◆ Task details: Reproduce the records below in full and word for word, excluding pictures.

-------

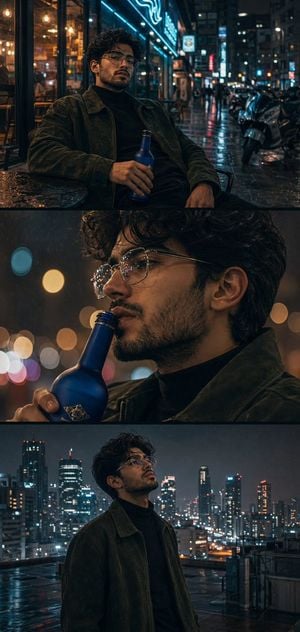 Cinematic Triptych Male Portrait preview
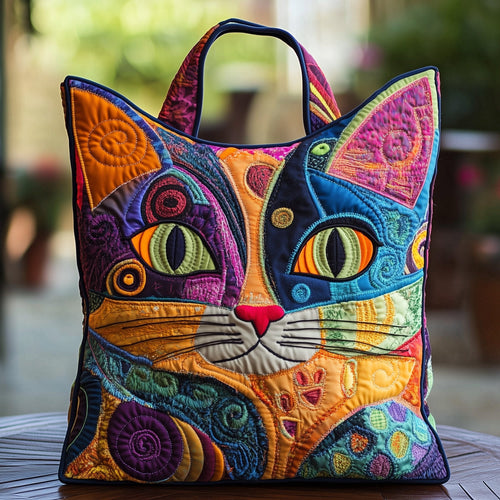 Cat Purrs Quilted Tote Bag GFTOMA1561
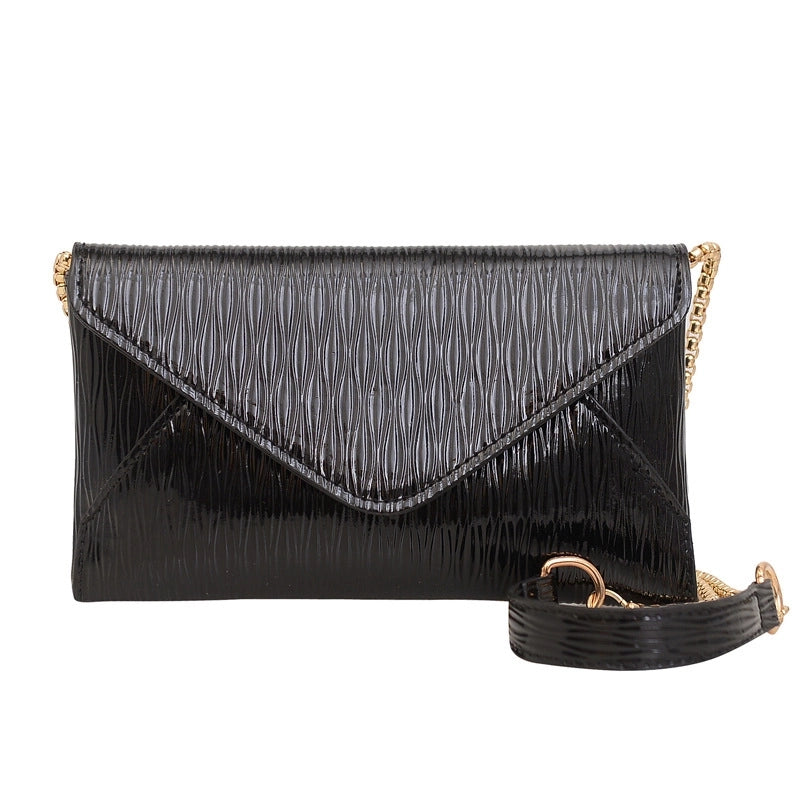 Women's Medium Pu Leather Solid Color Vintage Style Classic Style Flip Cover Envelope Bag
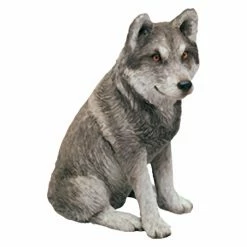 Discount 🎁 Animal Statues Sandicast Mid Size Gray Mexican Wolf Sculpture 💯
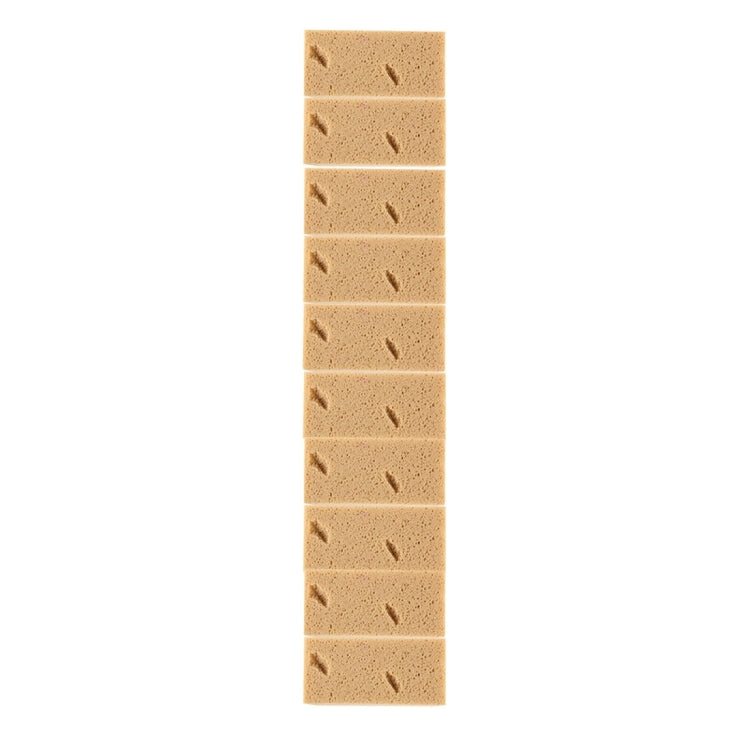 Car Care Wear-resistant Brown Soft Sponge Car Wash Cleaning Pad((Khaki)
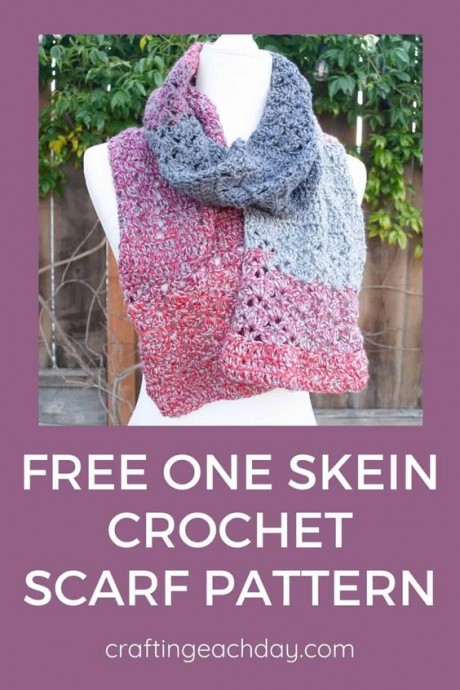 Crochet Tweedy Scarf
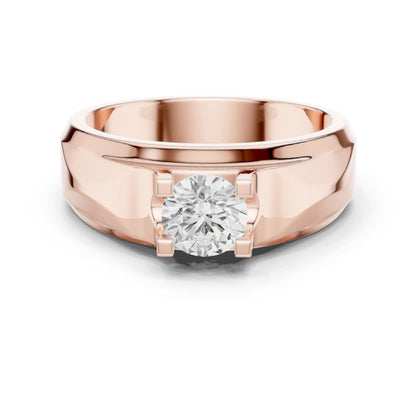 Men's Round Lab Grown Diamond Ring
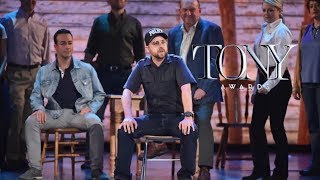 quotWelcome to the Rockquot — Come From Away Tonys 2017 performance [upl. by Yrek406]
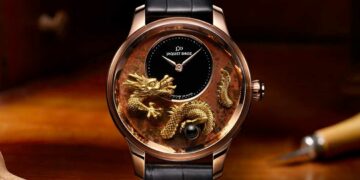 Jaquet Droz Petite Heure Minute Dragon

-------

◆ Problem solution:
 Cinematic Triptych Male Portrait preview
 Cat Purrs Quilted Tote Bag GFTOMA1561
 Women's Medium Pu Leather Solid Color Vintage Style Classic Style Flip Cover Envelope Bag
 Discount 🎁 Animal Statues Sandicast Mid Size Gray Mexican Wolf Sculpture 💯
 Car Care Wear-resistant Brown Soft Sponge Car Wash Cleaning Pad((Khaki)
 Crochet Tweedy Scarf
 Men's Round Lab Grown Diamond Ring
 quotWelcome to the Rockquot — Come From Away Tonys 2017 performance [upl. by Yrek406]
 Jaquet Droz Petite Heure Minute Dragon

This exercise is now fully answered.